[Date Prev][Date Next][Thread Prev][Thread Next]
[Date Index]
[Thread Index]
- Subject: Re: Function calls [was: Lua and Neko comparison]
- From: Mike Pall <mikelu-0609@...>
- Date: Thu, 28 Sep 2006 19:37:00 +0200
Hi,
Wim Couwenberg wrote:
> > Nope. The fibonacci micro-benchmark measures call frame setup and
> > teardown overhead and nothing else.
>
> So is there room for considerable improvement? (This is relevant in
> operator vs. library call, iterators and other places.)
[Well, Lua already compares favourably with other interpreters in
this regard ...]
I don't think there is a way to speed up Lua->Lua function calls
in the interpreter any further without compromising Lua language
semantics (like adjusting # of args and results).

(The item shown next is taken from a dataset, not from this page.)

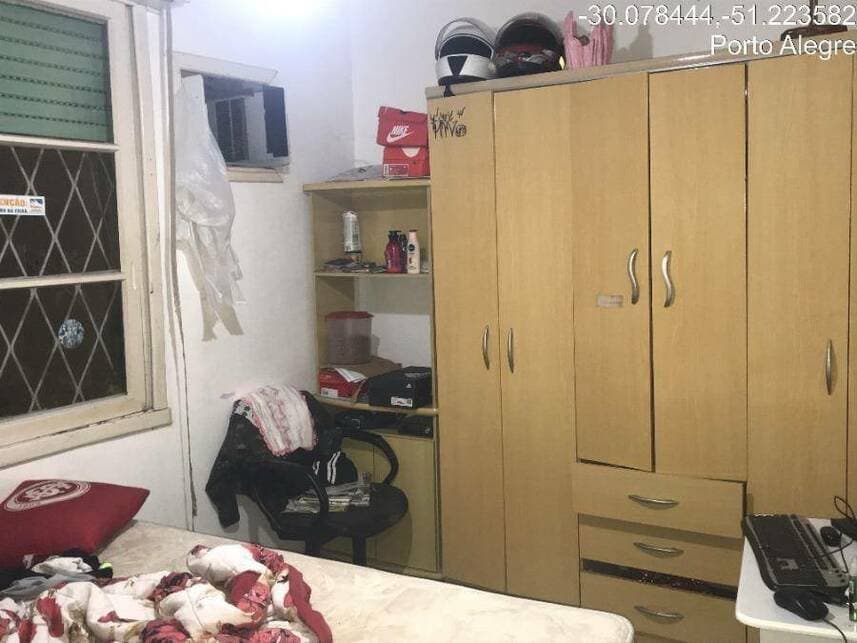 Foto 9 de 15: Casa em leilão em Porto Alegre - RS — Casa à venda em leilão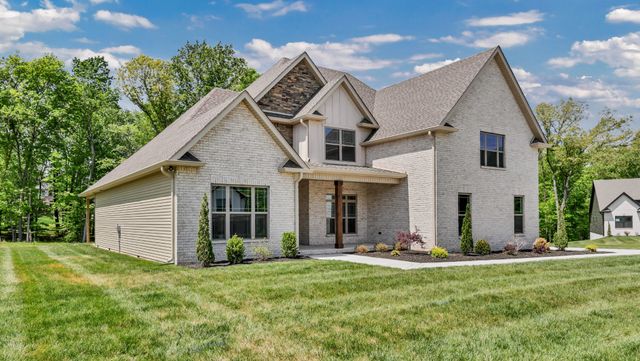 412 N Starwood Ct, Clarksville, TN 37042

But there is a way to speed up Lua->C function calls:
1. Add a kind of "light" C functions. This avoids building up a
call frame for every function call. These functions are a bit
more restricted (like no callbacks into Lua), but have a faster
calling convention. The cl->isC byte may be reused to
differentiate them from regular functions. Three options:
1a. Just bump up L->base temporarily and call the C function
within the existing Lua call frame. The C function must store the
results in the proper place and generally has to be _very_
careful with the API functions for stack manipulation. I'm not
sure how feasible this is, because one needs to export some
knowledge about the internals of the Lua VM.
1b. Like 1a, but add a special set of API calls which exclusively
work with light functions. E.g. non-stack based fast type checks.
1c. Specialize the types early on. E.g. here are the two most
common candidates (more can be added):
lua_Number lightfunc_n_n(lua_State *L, lua_Number a);
lua_Number lightfunc_n_nn(lua_State *L, lua_Number a, lua_Number b);
Type checking can be inlined in luaD_precall and is much faster,
too. Very few (or no) Lua internals need to be opened up.
A Lua compiler has two more options:
2. Fully inline the called code. Would be useful for Lua->Lua
function calls, but is tricky to get right. Also helpful for a
selected subset of C functions (drawback: not easily user
extensible for new C functions in external libraries). In fact
LuaJIT is doing the latter already (with great gains).
3. Optimize, i.e. reduce the call frame overhead. LuaJIT is
already doing this to some extent. But compatibility with the
(mostly unchanged) Lua VM requires some compromises.
A better way would be to use the C stack for everything (like
most compiled languages do). This avoids setting up and tearing
down three structures in parallel (C stack, Lua stack and Lua
call frames). Alas, this would imply a significant departure from
the standard Lua VM structures.
Bye,
Mike